Yeah, it could be that the Pax Americana enforced on the world by American weapons of war that Kennedy wanted to avoid could quickly become a Pox Americana for her client states in the region. Israel along with  it's friendemies in Jordan, the UAE and of course Saudi Arabia are piling the pressure on Obama not the cut Mubarak loose. At least King Abdullah II’s recent dismissal of his cabinet in Jordan (the only other Arab country that has signed a peace treaty with Israel) shows he's aware of the change, Saudi's King Abdullah (yeah, same name) still thinks his oil means he calls the shots. Wikileaks is there to help reporters again in a timely way as just released cables reveal fears that the sea of oil in the Kingdom is about 40% smaller than previously thought, bringing Peak Oil ever closer. These nations real and legitimate fear is the 240 F-16 fighters in play along with the other advanced weaponry the Americans have sold Mubarak over the years in an attempt to create a balance with the Iranians. Denial ain't just a river in Egypt, it's a belief that keeping the oil flowing at all cost can continue forever and not seeing that America is the biggest obstacle to peace and democracy in the Middle East.

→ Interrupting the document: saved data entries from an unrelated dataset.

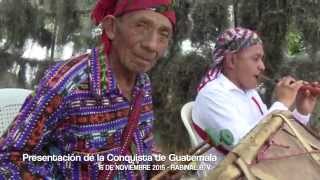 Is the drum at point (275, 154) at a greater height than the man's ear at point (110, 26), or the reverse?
the man's ear at point (110, 26)

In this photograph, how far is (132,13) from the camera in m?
1.41

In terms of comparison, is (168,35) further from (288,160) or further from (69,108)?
(288,160)

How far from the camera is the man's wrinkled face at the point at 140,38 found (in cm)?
139

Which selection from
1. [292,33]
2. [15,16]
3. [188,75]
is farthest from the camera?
[15,16]

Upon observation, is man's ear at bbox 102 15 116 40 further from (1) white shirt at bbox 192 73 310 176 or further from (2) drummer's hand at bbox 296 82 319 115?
(2) drummer's hand at bbox 296 82 319 115

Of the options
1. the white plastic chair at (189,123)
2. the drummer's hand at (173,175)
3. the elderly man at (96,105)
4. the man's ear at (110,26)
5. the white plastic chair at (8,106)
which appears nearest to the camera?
the elderly man at (96,105)

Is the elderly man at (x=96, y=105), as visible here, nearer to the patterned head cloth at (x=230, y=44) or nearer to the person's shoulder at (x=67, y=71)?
the person's shoulder at (x=67, y=71)

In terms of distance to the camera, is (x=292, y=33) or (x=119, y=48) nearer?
(x=119, y=48)

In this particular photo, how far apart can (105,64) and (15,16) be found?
172 inches

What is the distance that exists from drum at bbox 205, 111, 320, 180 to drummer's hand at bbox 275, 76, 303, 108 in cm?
69

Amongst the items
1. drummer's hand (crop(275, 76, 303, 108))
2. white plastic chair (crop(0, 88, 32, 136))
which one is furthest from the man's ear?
drummer's hand (crop(275, 76, 303, 108))

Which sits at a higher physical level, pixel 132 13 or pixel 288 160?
pixel 132 13

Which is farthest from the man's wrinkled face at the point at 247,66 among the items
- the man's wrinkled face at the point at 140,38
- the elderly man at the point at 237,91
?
the man's wrinkled face at the point at 140,38

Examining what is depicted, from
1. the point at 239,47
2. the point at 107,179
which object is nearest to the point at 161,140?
the point at 239,47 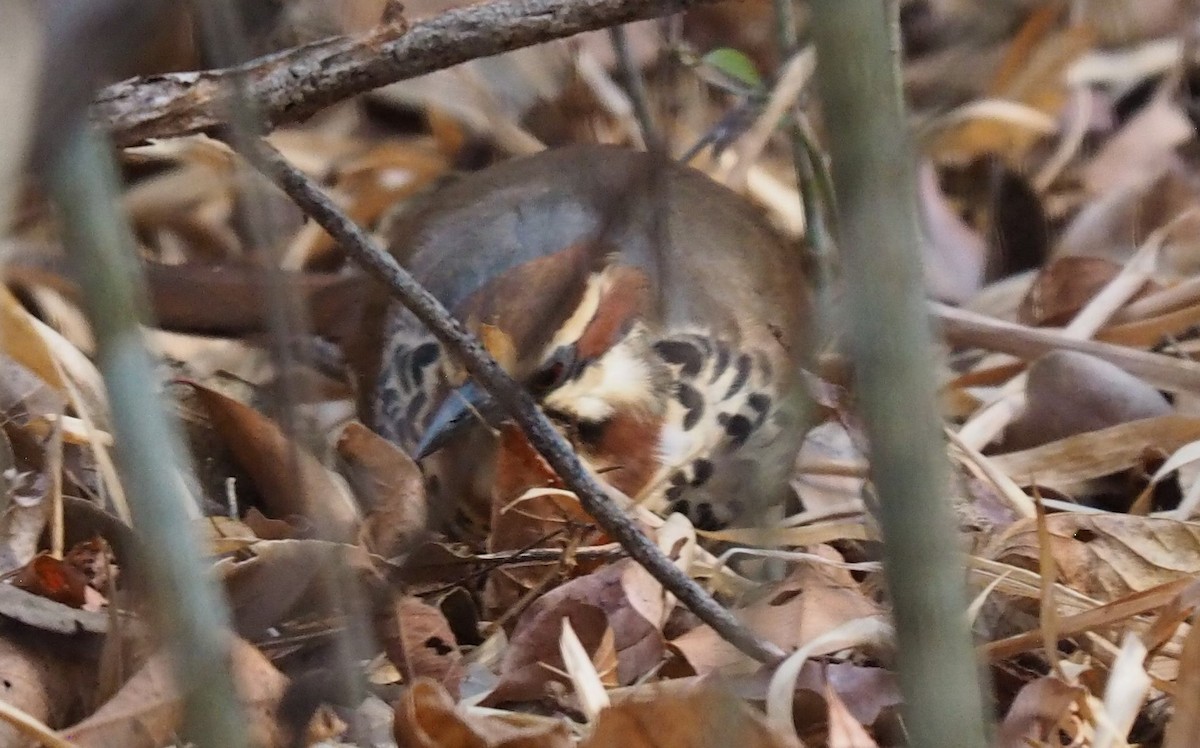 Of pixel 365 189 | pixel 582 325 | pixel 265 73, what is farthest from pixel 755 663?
pixel 365 189

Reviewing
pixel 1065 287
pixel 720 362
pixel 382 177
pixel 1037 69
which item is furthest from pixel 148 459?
pixel 1037 69

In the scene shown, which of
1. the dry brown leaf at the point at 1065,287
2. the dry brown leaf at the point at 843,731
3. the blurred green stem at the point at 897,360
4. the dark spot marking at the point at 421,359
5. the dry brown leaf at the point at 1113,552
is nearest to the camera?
the blurred green stem at the point at 897,360

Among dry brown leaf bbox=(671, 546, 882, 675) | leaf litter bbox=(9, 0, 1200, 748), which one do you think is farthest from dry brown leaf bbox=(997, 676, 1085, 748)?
dry brown leaf bbox=(671, 546, 882, 675)

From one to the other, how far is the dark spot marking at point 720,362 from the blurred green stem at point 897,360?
968mm

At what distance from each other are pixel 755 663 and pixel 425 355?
804mm

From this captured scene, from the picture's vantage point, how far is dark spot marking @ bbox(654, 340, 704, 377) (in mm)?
1453

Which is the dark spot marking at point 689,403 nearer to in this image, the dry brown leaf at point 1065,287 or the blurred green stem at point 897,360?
the dry brown leaf at point 1065,287

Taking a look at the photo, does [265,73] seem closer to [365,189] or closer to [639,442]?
[639,442]

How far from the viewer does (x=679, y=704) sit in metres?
0.75

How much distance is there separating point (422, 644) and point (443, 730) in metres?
0.18

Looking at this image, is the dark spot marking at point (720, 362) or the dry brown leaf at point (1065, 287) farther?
the dry brown leaf at point (1065, 287)

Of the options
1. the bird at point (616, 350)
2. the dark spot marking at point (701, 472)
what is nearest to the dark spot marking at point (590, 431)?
the bird at point (616, 350)

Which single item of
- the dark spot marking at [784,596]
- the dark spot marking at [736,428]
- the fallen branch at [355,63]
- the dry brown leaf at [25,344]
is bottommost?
the dark spot marking at [736,428]

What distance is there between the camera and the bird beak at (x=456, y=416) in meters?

By supporting the status quo, siding against the protesters, America will force the military to eventually back Mubarak/Suleiman to keep the money flowing into their coffers with or without bullets. This money ensures rigged elections come September and once the international cameras go home Suleiman's torture chambers await any pesky dissenting voices, their thoughtcrimes earning them the Mubarak treatment that turns them into unpersons. The cycle intensifies as anti-Americanism grows for supporting torturers in the Arab world while the western media (with ever-concentrating ownership) points out the only support for the opposition parties comes from Iran and Hamas. This allows the US government to defend Suleiman when he keeps emergency powers in place (motto: in place since 1981 so why not forever?) and ratchets up repression. Such a course of events ensures that if democracy ever comes to Egypt, thousands will have to die and the resulting government will be far less open than whatever would have come from the current demonstrations, had we supported them in the first place. The false choice of stability versus democracy that has been played far too long must be refuted.

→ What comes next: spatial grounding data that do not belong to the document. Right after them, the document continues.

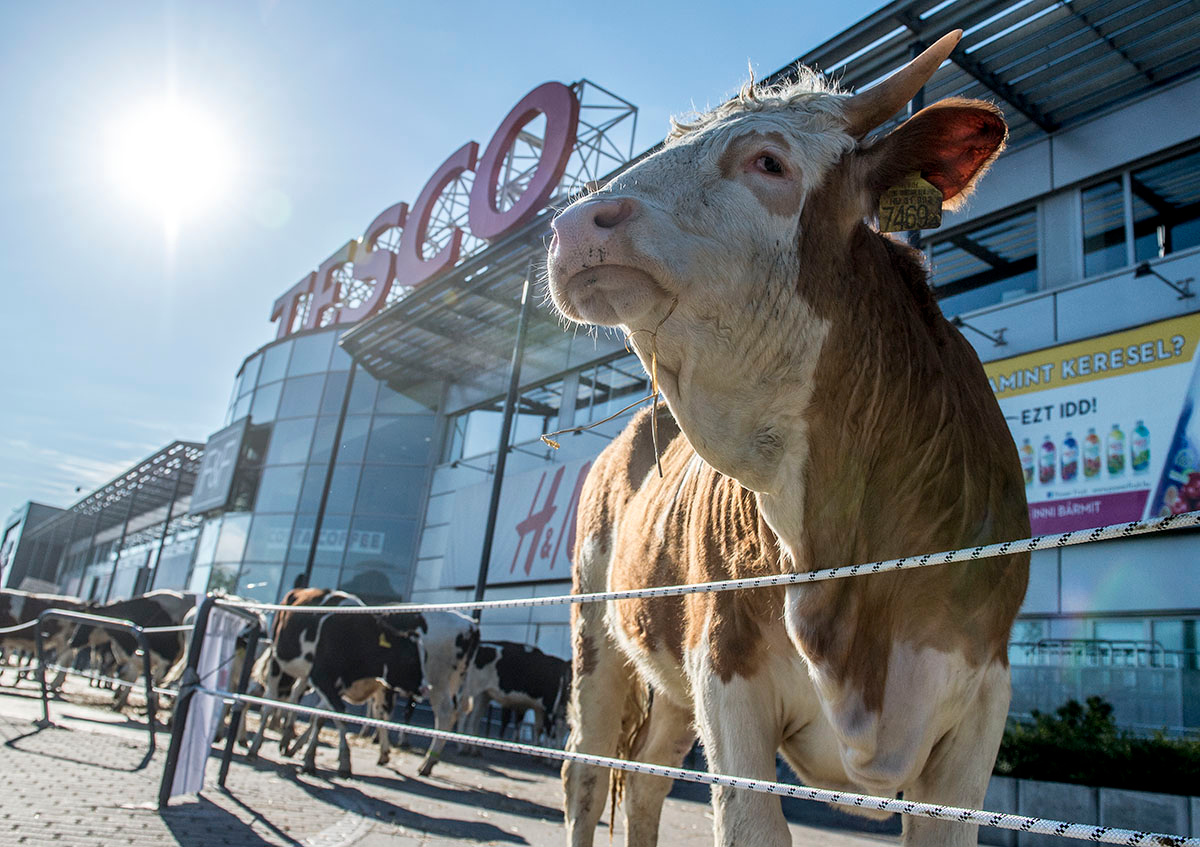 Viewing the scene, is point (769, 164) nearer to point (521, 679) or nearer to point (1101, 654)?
point (1101, 654)

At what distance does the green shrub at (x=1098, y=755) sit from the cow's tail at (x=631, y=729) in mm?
3648

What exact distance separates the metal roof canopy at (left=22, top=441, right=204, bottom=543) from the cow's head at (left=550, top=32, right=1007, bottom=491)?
36060mm

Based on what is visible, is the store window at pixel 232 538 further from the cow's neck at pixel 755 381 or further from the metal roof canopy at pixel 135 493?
the cow's neck at pixel 755 381

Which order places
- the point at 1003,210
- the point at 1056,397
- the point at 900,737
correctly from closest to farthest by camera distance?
the point at 900,737 < the point at 1056,397 < the point at 1003,210

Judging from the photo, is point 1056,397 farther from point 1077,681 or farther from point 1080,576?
point 1077,681

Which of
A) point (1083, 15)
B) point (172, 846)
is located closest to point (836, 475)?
point (172, 846)

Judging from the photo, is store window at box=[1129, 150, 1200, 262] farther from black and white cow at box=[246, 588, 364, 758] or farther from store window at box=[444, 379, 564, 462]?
store window at box=[444, 379, 564, 462]

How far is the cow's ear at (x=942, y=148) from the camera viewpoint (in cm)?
204

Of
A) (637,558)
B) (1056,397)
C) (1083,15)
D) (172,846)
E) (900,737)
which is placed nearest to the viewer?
(900,737)

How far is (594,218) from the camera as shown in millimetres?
1867

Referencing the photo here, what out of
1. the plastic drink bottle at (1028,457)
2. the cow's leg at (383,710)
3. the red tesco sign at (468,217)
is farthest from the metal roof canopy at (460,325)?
the plastic drink bottle at (1028,457)

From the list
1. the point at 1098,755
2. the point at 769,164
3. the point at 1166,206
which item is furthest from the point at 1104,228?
the point at 769,164

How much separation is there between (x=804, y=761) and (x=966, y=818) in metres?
0.96

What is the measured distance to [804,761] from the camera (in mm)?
2203
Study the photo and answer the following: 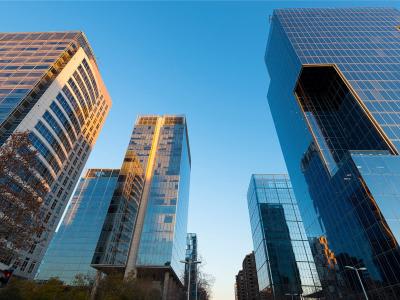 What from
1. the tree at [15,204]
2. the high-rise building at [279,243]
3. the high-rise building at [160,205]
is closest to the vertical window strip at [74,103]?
the high-rise building at [160,205]

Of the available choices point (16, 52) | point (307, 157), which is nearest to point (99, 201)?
point (16, 52)

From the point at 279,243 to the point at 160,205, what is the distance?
47844 mm

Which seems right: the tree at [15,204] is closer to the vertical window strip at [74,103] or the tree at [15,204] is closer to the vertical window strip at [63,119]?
the vertical window strip at [63,119]

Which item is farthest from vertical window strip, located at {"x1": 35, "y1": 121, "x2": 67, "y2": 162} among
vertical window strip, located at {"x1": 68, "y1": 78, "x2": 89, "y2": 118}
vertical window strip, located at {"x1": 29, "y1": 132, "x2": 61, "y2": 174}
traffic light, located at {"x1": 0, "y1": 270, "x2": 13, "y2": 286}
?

The fate of over 80 million people hangs in the balance, the 15th most populous nation just in front of Turkey and Iran, the latter used as a dog whistle of fear to cover the only sustainable path to follow blazed by the former. Our old buddy Newt framed the issue in a perfectly partisan way by offering this advice to Obama, "study Reagan and Carter and do what Reagan did and avoid what Carter did", neocon code for the old game of continuing to lecture on democracy while supporting dictators. Jimmy Carter didn't lose Iran, it was the decades long support for brutal dictatorships that accomplished that trick. If fears of Islamic extremism cause us to falter in our support of the pro-democracy movement, "What is certain is that siding with a repressive regime against the Egyptian people, especially against young Egyptians, will turn these fears of extremism into a reality." Damn memory holes, we always seem to forget that blowback is a bitch.

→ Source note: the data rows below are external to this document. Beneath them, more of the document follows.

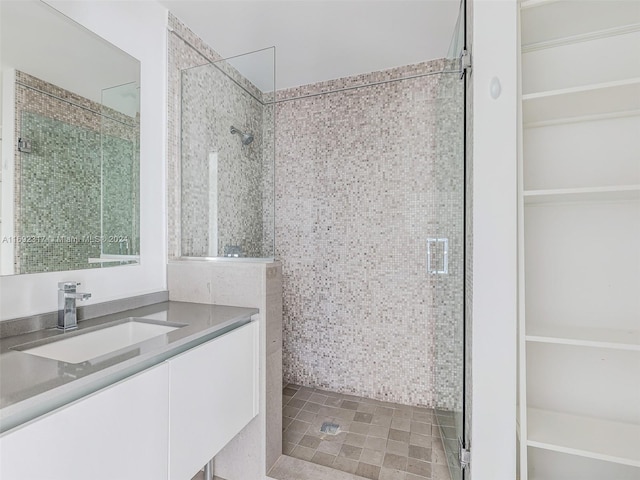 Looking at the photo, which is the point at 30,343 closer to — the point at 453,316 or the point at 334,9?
the point at 453,316

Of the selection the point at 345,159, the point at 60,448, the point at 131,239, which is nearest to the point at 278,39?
the point at 345,159

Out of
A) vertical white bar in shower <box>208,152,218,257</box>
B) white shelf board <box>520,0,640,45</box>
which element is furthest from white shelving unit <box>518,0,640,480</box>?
vertical white bar in shower <box>208,152,218,257</box>

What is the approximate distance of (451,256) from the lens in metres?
1.81

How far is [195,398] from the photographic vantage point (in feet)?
3.83

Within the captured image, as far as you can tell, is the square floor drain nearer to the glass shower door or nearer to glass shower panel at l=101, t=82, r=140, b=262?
the glass shower door

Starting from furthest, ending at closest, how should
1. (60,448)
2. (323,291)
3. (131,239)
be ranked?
(323,291) → (131,239) → (60,448)

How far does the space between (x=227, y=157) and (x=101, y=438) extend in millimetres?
1581

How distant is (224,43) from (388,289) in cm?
209

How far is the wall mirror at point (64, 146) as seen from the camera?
1.12m

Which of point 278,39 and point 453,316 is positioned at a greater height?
point 278,39

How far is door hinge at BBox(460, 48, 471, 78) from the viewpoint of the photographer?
1.34 m

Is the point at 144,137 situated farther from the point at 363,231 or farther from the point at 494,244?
the point at 494,244

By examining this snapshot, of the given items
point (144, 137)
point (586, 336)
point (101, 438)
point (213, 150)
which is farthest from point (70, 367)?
point (586, 336)

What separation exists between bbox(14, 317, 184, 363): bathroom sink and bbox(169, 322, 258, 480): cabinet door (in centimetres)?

Update #1: You may have noticed the celebrations in the streets of Egypt being beamed around the globe. Unfortunately, not much is being said of Omar Suleiman the man who announced the resignation of Hosni Mubarak last night, February 11th. All the commentary seems to agree the best outcome possible has occurred, but all that's happened is the US supported army is in charge. The only certainty they seem to be expressing is that all existing treaties will be honored by Egypt. They're celebrating across the Arab world, whispers of Algeria or Morocco being next, and everyone seems to be appeased, but the only reassurance has been directed at Israel.